(Provided data)

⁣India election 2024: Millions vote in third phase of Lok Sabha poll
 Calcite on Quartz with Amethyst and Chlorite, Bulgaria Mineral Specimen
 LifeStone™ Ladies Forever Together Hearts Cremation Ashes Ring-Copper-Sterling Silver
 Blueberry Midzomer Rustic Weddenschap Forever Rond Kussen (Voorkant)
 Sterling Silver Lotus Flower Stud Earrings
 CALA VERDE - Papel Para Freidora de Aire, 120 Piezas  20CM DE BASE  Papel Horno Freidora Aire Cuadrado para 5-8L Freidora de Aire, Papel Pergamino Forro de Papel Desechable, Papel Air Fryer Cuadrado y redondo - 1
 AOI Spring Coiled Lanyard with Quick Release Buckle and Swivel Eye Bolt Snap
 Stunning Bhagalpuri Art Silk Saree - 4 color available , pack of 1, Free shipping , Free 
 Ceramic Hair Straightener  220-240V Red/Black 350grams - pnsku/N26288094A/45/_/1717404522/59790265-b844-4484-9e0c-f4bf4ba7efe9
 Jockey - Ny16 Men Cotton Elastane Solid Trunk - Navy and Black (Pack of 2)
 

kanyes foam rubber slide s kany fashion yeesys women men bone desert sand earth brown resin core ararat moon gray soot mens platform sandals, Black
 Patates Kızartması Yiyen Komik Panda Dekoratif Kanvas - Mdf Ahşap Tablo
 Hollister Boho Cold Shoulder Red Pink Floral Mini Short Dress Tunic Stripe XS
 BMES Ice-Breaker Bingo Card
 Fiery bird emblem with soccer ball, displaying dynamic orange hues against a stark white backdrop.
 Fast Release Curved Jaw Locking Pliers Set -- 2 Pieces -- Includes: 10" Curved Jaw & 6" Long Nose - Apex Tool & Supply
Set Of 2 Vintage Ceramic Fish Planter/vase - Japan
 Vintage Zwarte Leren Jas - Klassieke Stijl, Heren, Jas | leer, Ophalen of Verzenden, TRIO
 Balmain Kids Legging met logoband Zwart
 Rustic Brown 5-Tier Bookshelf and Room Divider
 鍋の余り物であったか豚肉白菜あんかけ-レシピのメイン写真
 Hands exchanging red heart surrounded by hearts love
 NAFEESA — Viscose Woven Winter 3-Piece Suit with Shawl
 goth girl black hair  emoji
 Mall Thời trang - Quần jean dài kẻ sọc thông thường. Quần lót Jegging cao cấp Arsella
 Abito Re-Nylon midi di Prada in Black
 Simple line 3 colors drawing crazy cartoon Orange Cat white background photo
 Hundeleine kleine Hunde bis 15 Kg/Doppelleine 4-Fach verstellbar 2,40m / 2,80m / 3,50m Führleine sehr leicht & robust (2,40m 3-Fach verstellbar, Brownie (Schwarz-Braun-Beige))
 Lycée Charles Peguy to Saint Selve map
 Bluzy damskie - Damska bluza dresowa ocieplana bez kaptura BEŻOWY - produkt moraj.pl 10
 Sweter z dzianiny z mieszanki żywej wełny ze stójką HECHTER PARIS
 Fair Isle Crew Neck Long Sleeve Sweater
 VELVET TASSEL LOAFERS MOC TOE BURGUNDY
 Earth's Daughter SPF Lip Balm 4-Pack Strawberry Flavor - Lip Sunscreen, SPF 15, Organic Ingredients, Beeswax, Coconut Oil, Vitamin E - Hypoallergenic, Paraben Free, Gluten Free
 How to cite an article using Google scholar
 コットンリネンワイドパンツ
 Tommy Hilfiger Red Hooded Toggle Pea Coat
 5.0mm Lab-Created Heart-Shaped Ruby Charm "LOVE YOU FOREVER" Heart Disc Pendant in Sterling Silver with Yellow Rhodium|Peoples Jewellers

(End Provided data)

● What is required
Write out exactly the lines above between the line with "Balmain Kids Legging met logoband Zwart" and the line with "Simple line 3", inclusive, and nothing beyond them.

● Problem solution
 Balmain Kids Legging met logoband Zwart
 Rustic Brown 5-Tier Bookshelf and Room Divider
 鍋の余り物であったか豚肉白菜あんかけ-レシピのメイン写真
 Hands exchanging red heart surrounded by hearts love
 NAFEESA — Viscose Woven Winter 3-Piece Suit with Shawl
 goth girl black hair  emoji
 Mall Thời trang - Quần jean dài kẻ sọc thông thường. Quần lót Jegging cao cấp Arsella
 Abito Re-Nylon midi di Prada in Black
 Simple line 3 colors drawing crazy cartoon Orange Cat white background photo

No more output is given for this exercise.